The output should match, line for line, the records from the line containing "a view of a backyard" through the line containing "Anemone in current", with every picture left out.

★ ★ ★ ★ ★ ★ ★

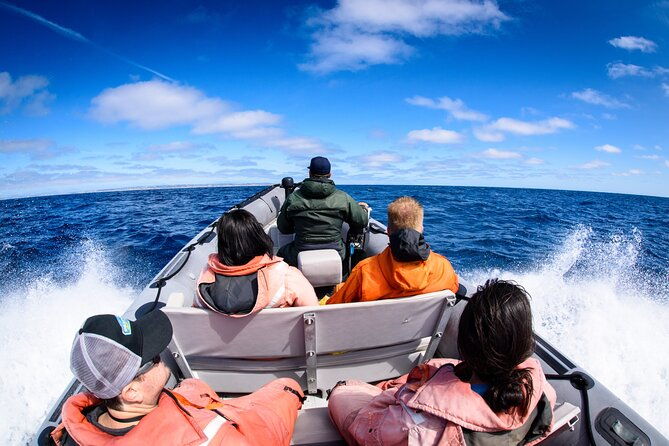 3-Hour Guided Whale and Dolphin Watching Experience in San Diego
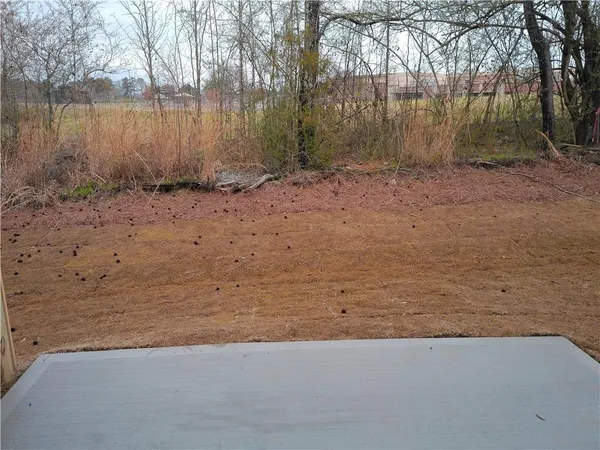 a view of a backyard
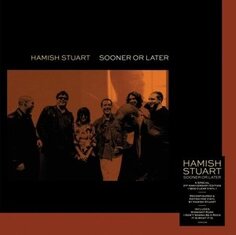 Виниловая пластинка Hamish Stuart - Sooner Or Later Demon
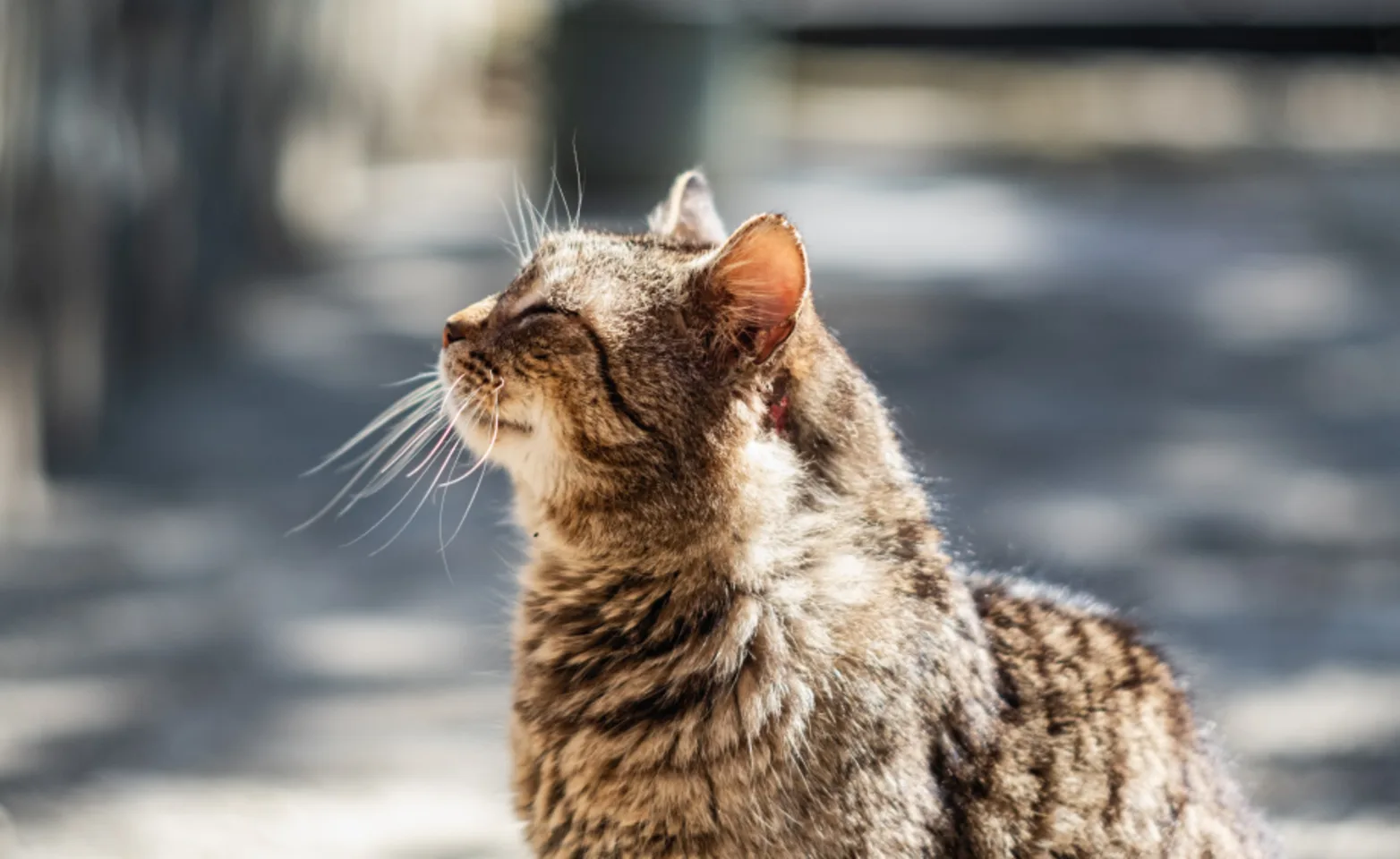 Cat sitting outdoors in the sun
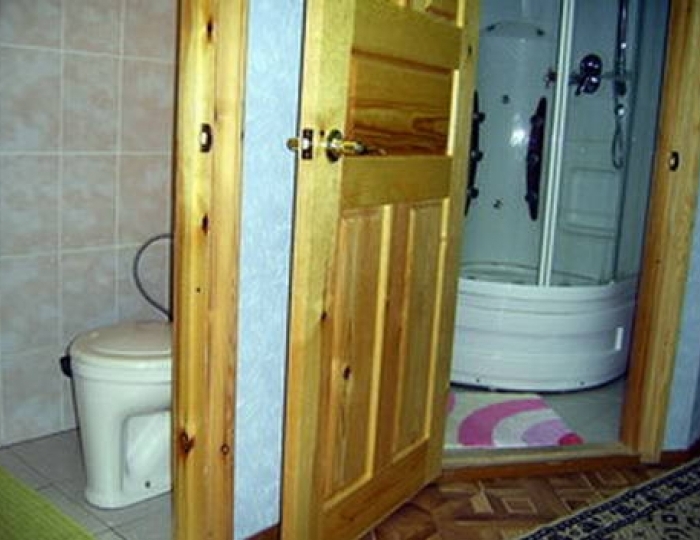 Стандарт 2 местный - Санаторий «Каменный пояс» Каменск-Уральский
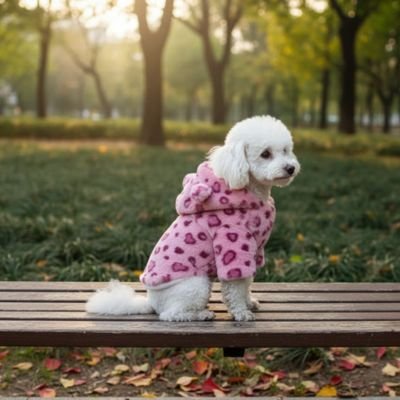 Chien avec Manteau pour petit chien rose au parc sur un banc
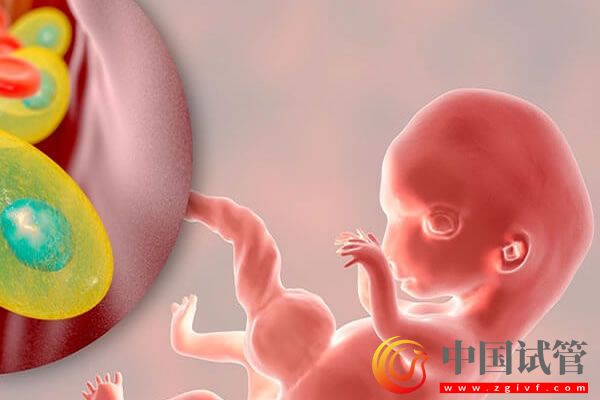 生化后再次備孕要注意，除血常規外這些項目也要檢查！(圖1)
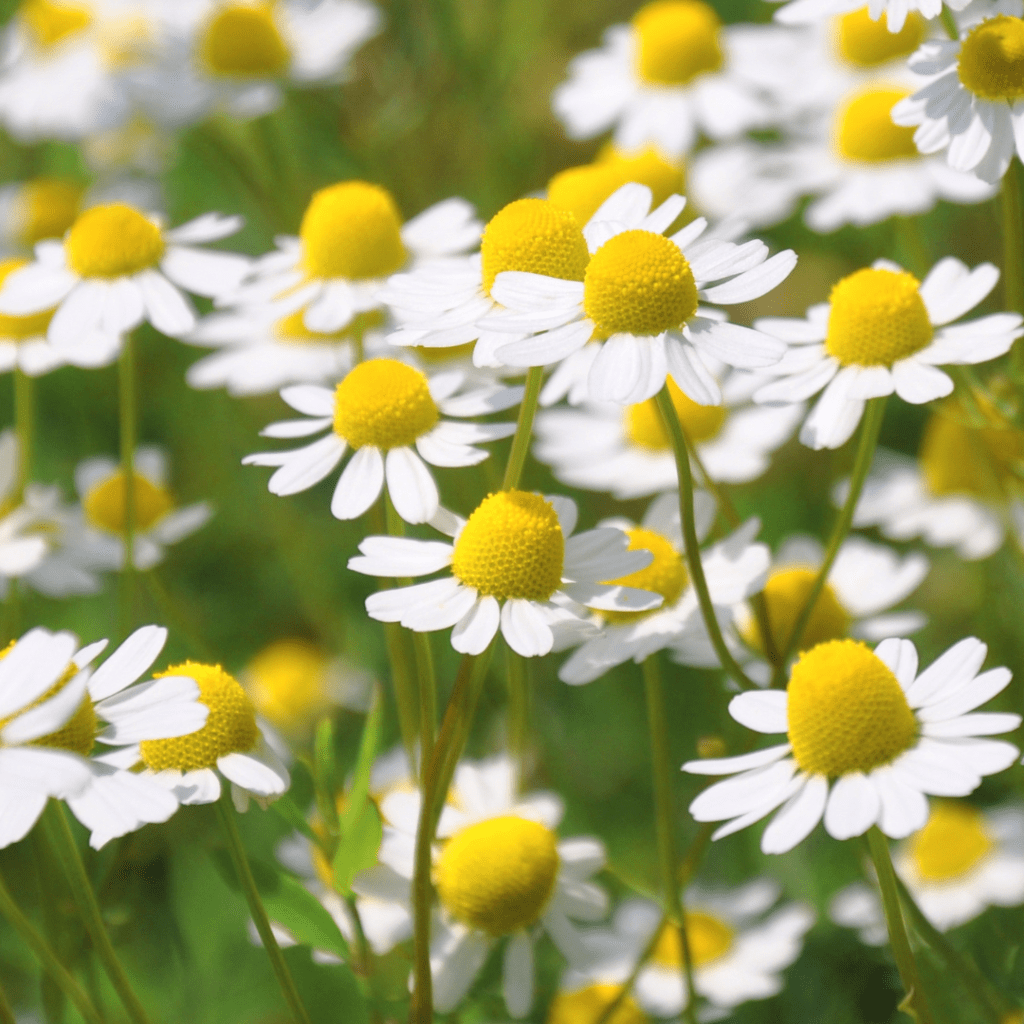 Image illustrates chamomile as the best medicinal herbs to grow. 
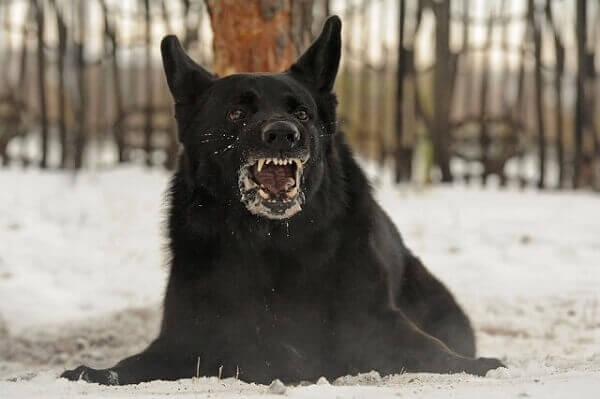 Understanding Rabies – Could You Get it from a Dog Bite?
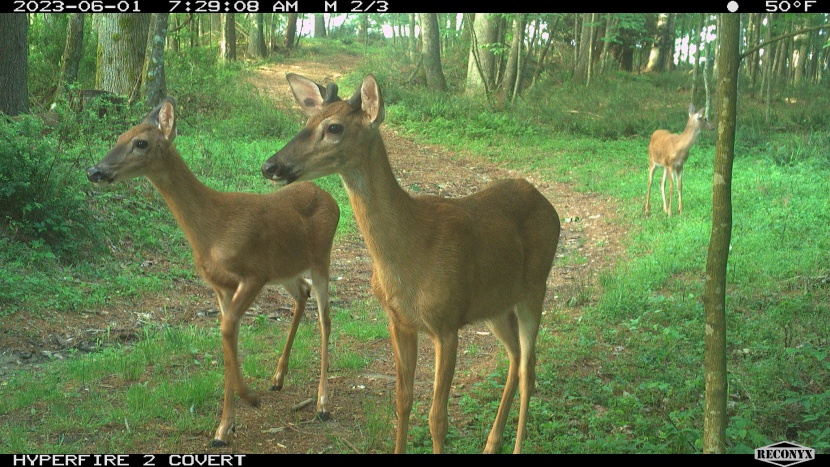 trail camera - the reconyx doesn&#039;t have the best picture quality in the test, but...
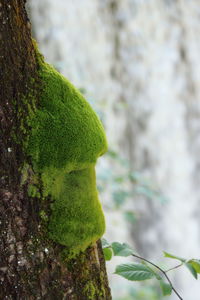 Close-up of moss on tree trunk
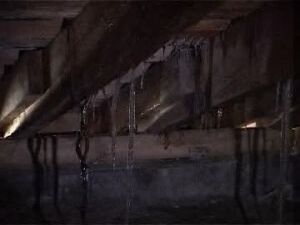 В  минувшее  воскресенье  наша  съемочная  группа  вновь…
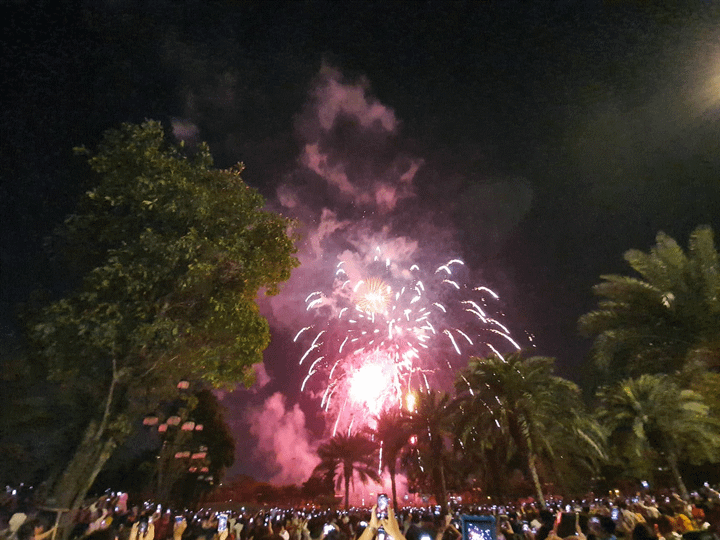 Ảnh: Mặt nước, bầu trời lộng lẫy pháo hoa mừng năm mới Canh Tý 2020 - 28
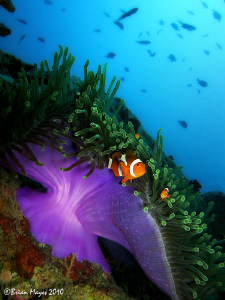 Anemone in current at 'Tokong Laut' in the Perhentian Isl... by Brian Mayes 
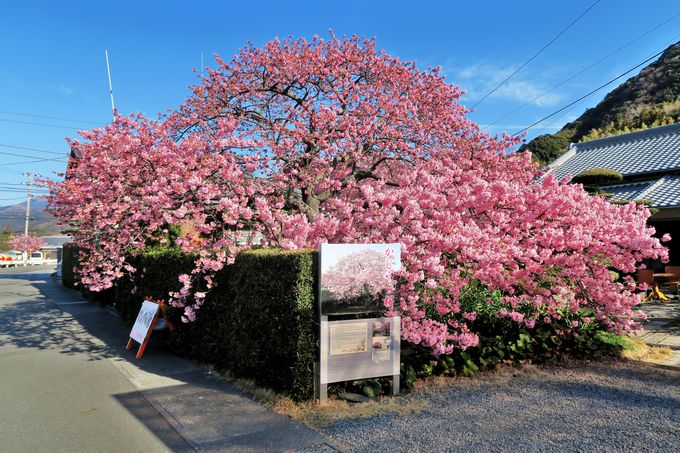 河津川沿いの桜並木から外れるも、見ておきたい名木一本桜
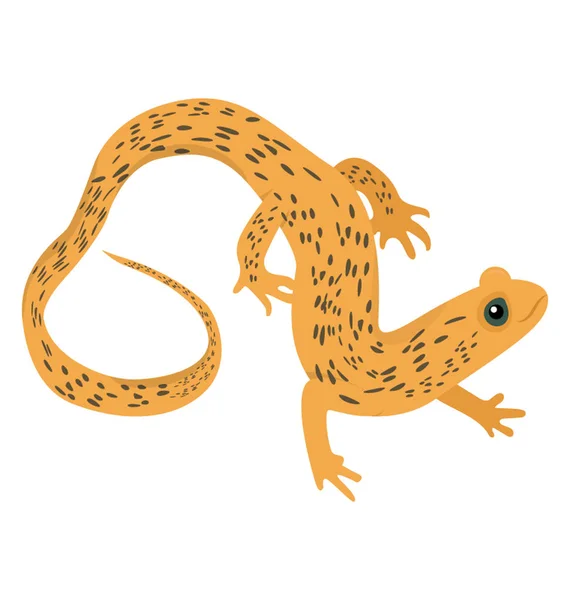 有鳞目蜥蜴在白色背景上的平面图标设计 — 图库矢量图片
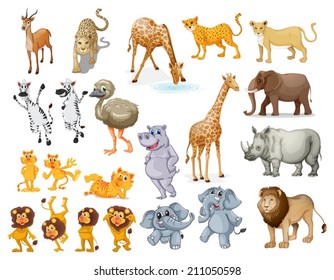 Illustration of many wild animals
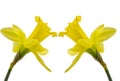 Two daffodils on white background Royalty Free Stock Photo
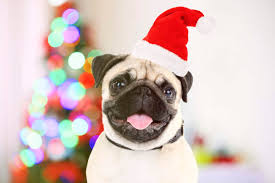 Advent, comet, grinch, holly, merry, rudolph, santa, yule, and more great male and female puppy names are right here. Christmas Dog Names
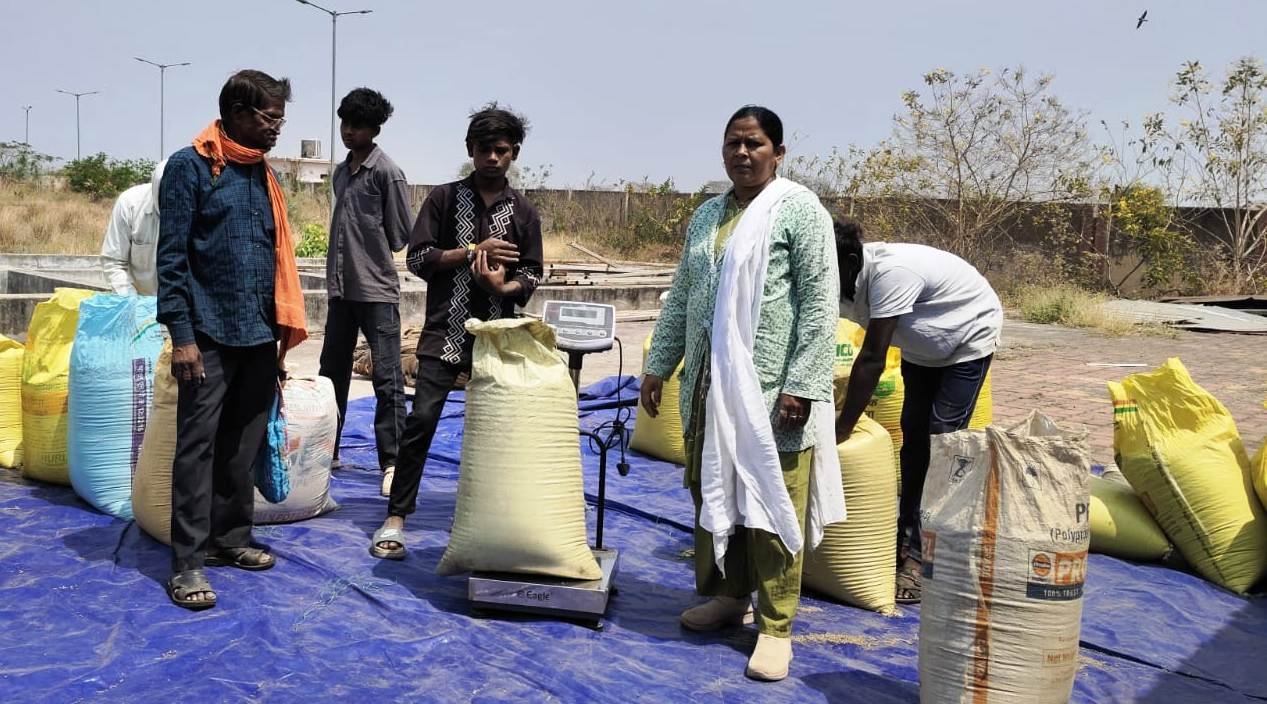 पीएम-आशा योजना अंतर्गत समर्थन मूल्य पर दलहन-तिलहन की की जा रही खरीदी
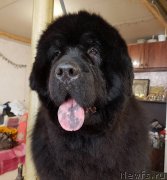 Превью фото № 234058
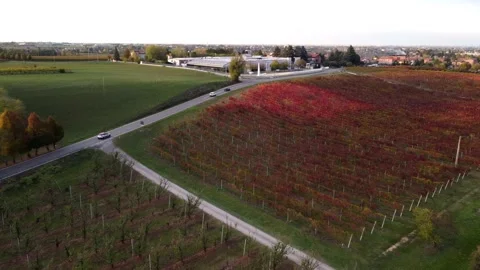 Castelvetro wineyards Stock Footage 220979457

★ ★ ★ ★ ★ ★ ★

### WRITTEN RESPONSE
 a view of a backyard
 Виниловая пластинка Hamish Stuart - Sooner Or Later Demon
 Cat sitting outdoors in the sun
 Стандарт 2 местный - Санаторий «Каменный пояс» Каменск-Уральский
 Chien avec Manteau pour petit chien rose au parc sur un banc
 生化后再次備孕要注意，除血常規外這些項目也要檢查！(圖1)
 Image illustrates chamomile as the best medicinal herbs to grow. 
 Understanding Rabies – Could You Get it from a Dog Bite?
 trail camera - the reconyx doesn&#039;t have the best picture quality in the test, but...
 Close-up of moss on tree trunk
 В  минувшее  воскресенье  наша  съемочная  группа  вновь…
 Ảnh: Mặt nước, bầu trời lộng lẫy pháo hoa mừng năm mới Canh Tý 2020 - 28
 Anemone in current at 'Tokong Laut' in the Perhentian Isl... by Brian Mayes 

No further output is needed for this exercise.